◆ **Task goal**
From the line that contains "new 2025 MINI" down to the final line of the listing below, set down every line exactly, both ends included, and drop the pictures.

◆ **Data extract**
»»

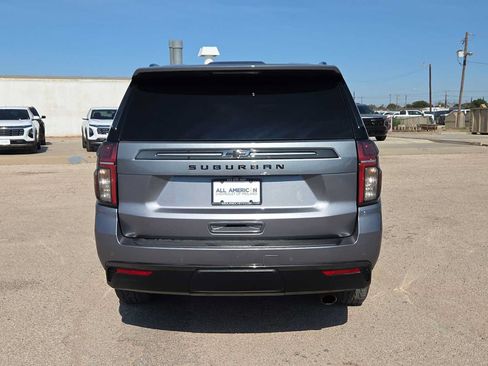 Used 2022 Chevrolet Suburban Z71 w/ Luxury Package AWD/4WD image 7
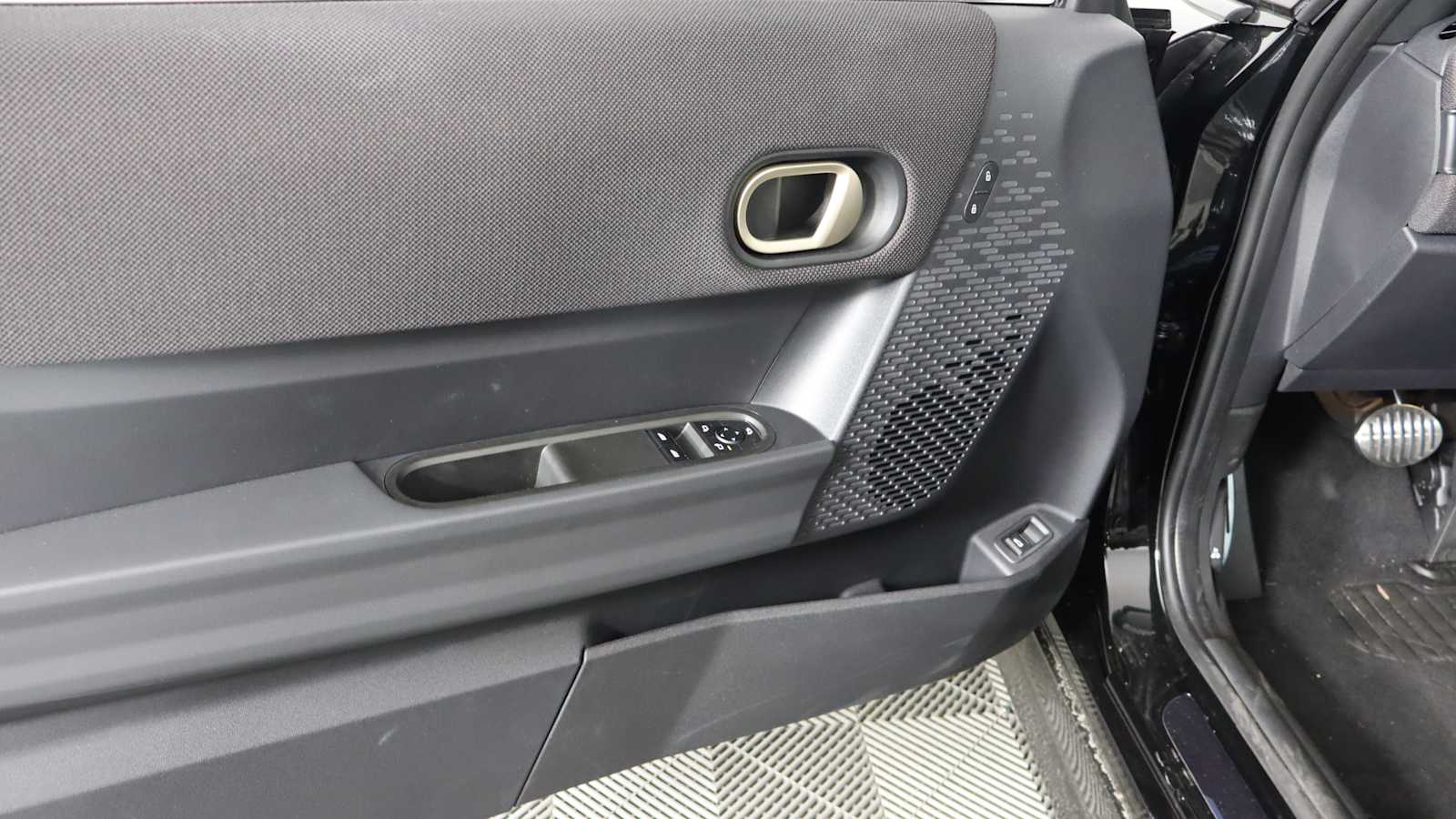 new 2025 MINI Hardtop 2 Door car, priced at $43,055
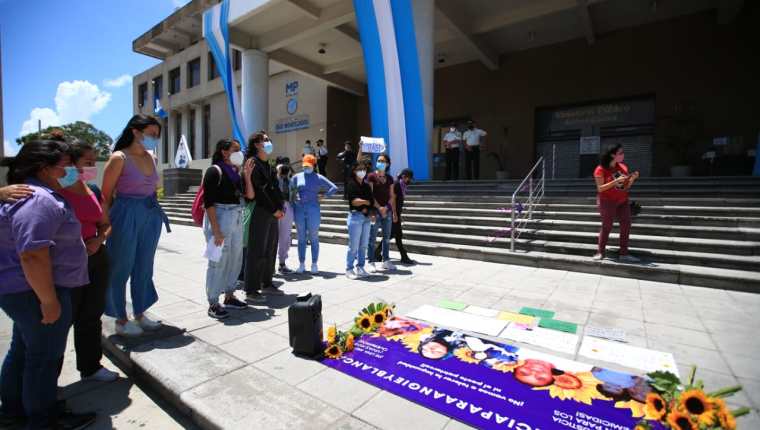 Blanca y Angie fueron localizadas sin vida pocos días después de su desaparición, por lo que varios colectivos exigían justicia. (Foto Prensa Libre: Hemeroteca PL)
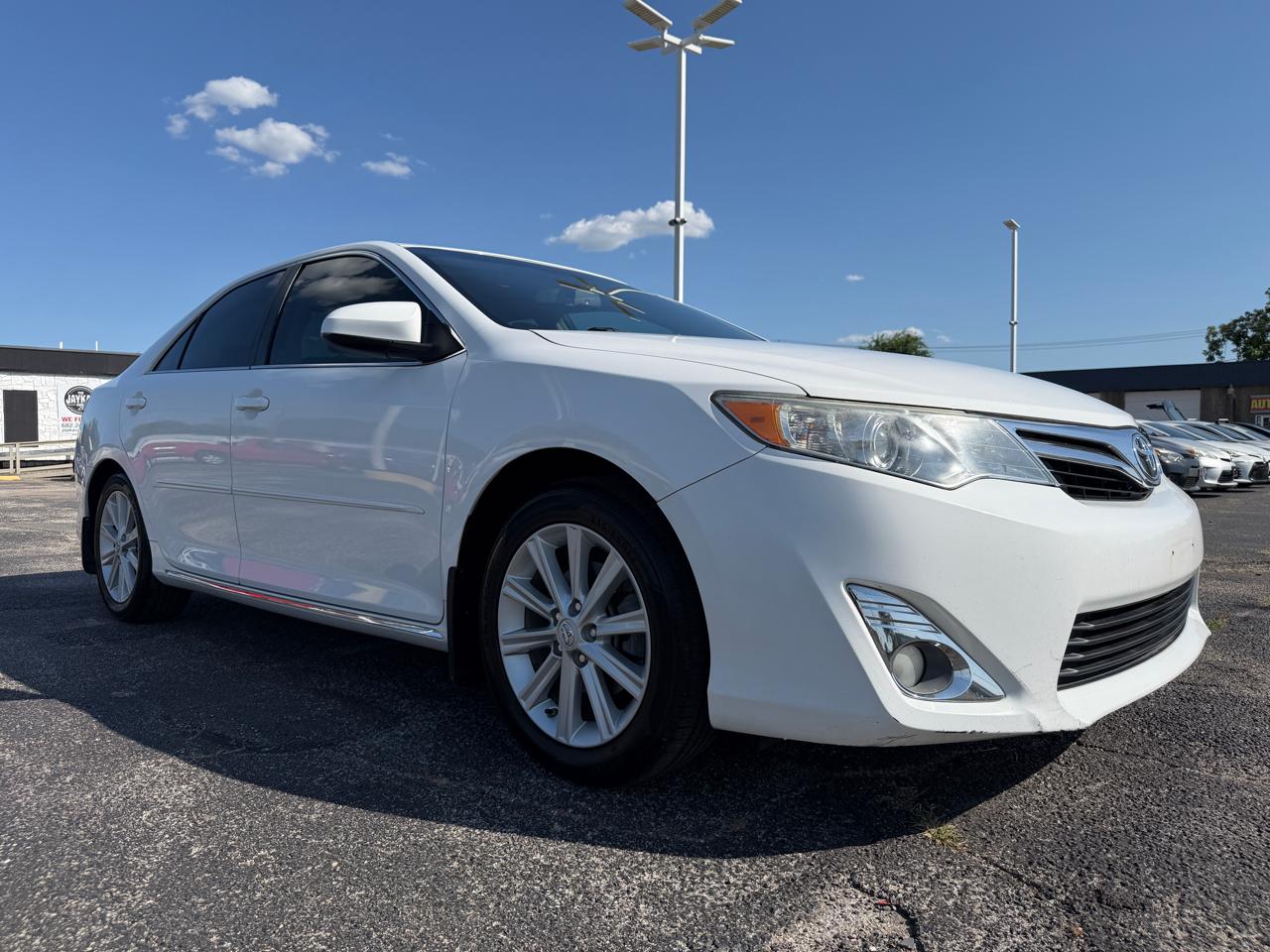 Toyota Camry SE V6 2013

««

◆ **Your response**
 new 2025 MINI Hardtop 2 Door car, priced at $43,055
 Blanca y Angie fueron localizadas sin vida pocos días después de su desaparición, por lo que varios colectivos exigían justicia. (Foto Prensa Libre: Hemeroteca PL)
 Toyota Camry SE V6 2013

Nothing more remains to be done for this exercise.